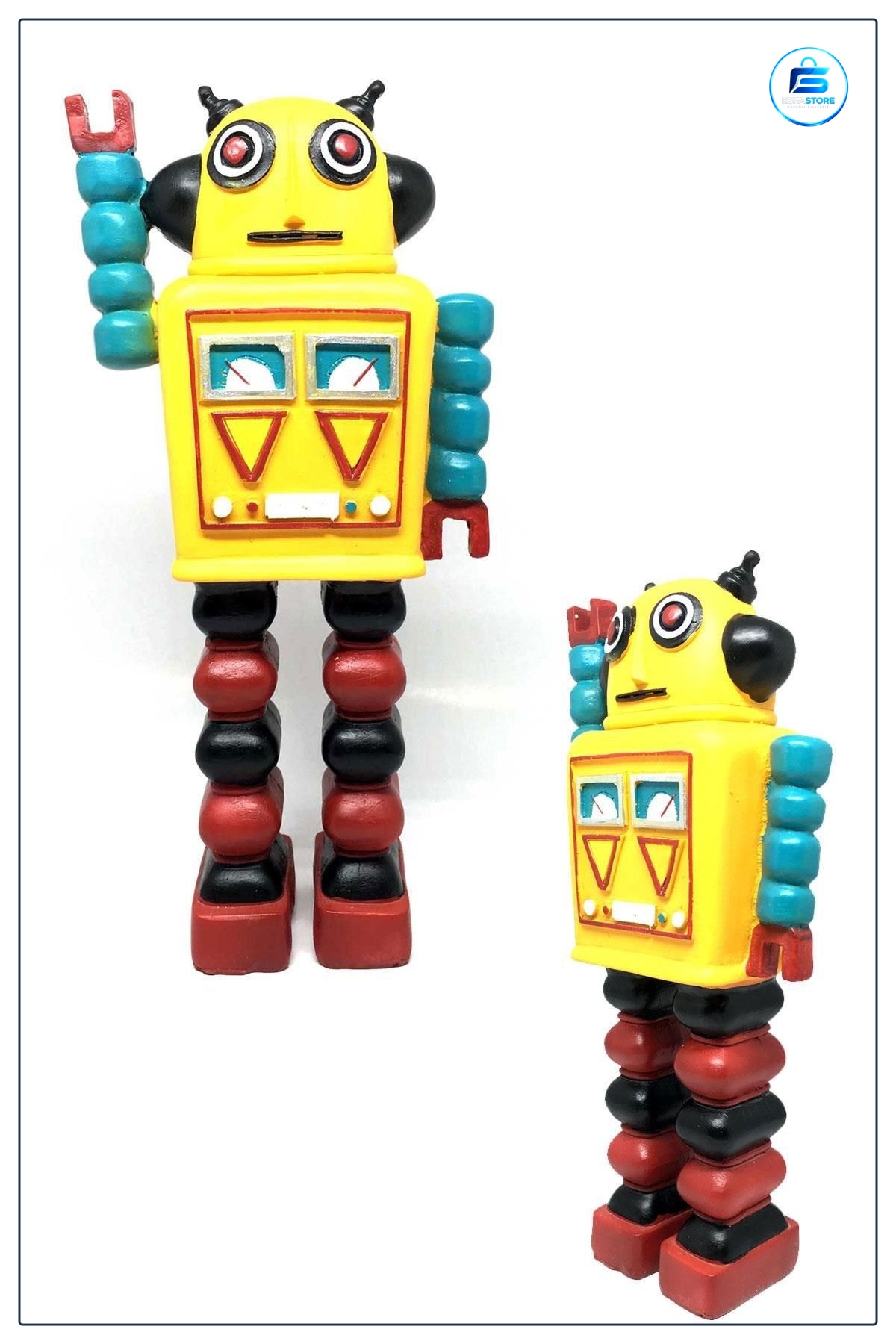 Uzaylı Robot Şeklinde Nostaljik Biblo Figür 9cm x 14cm 28cm Polyester Hediyelik Süs Eşyası
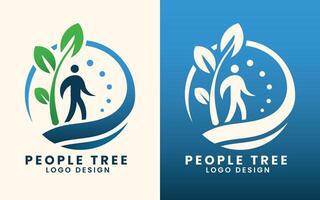 People tree concept nature leaf objects vector logo design template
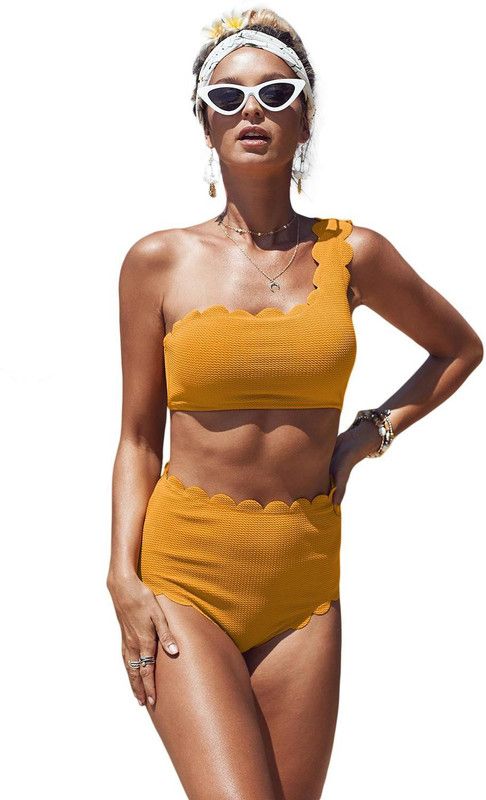 Solid Women Bikini Yellow Swimsuit
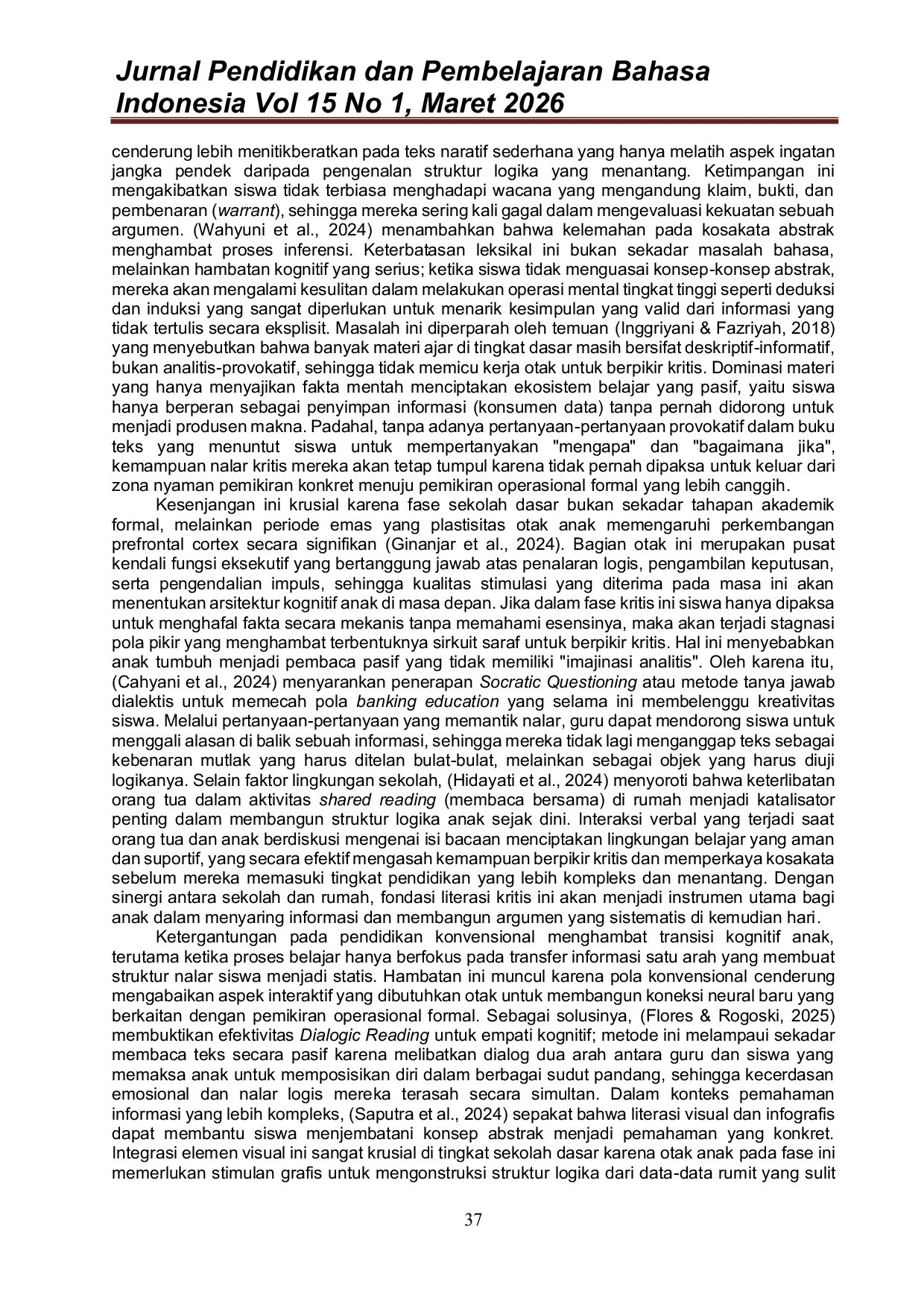 JURIS Pengaruh Kemampuan Literasi Terhadap Perkembangan Pola Pikir Kritis Siswa Sekolah Dasar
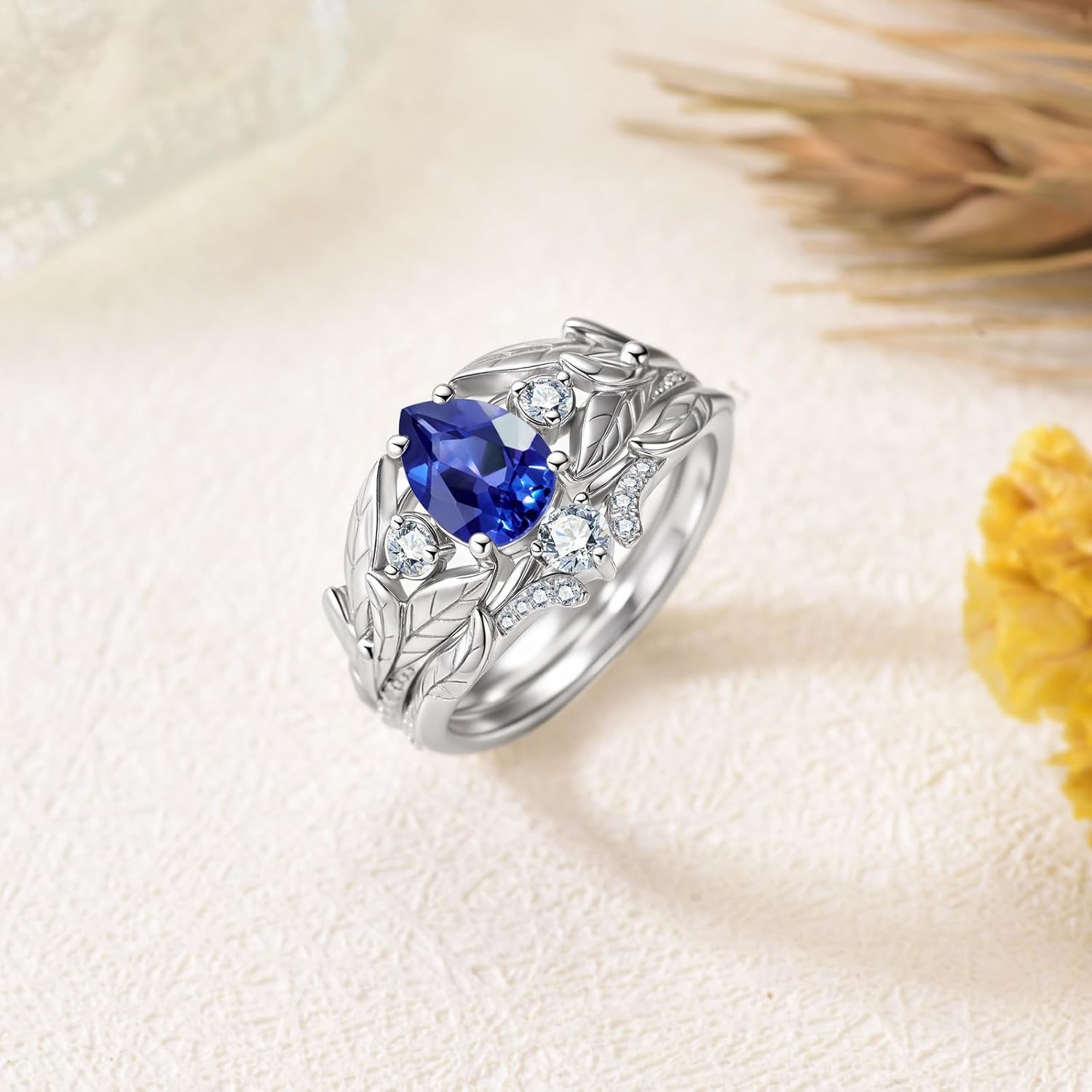 Pear Cut Natural Alexandrite Engagement Ring Sets for Women,925 Sterling Silver Moissanite Leaf Wedding Ringd Set Anniversary Jewelry Bridal Gifts for Women - Image 3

WORK TO COMPLETE:
Restate word for word the lines that begin at the one containing "Solid Women Bikini Yellow Swimsuit" and end with the final line of the records. Pictures stay out.

EXERCISE OUTPUT:
 Solid Women Bikini Yellow Swimsuit
 JURIS Pengaruh Kemampuan Literasi Terhadap Perkembangan Pola Pikir Kritis Siswa Sekolah Dasar
 Pear Cut Natural Alexandrite Engagement Ring Sets for Women,925 Sterling Silver Moissanite Leaf Wedding Ringd Set Anniversary Jewelry Bridal Gifts for Women - Image 3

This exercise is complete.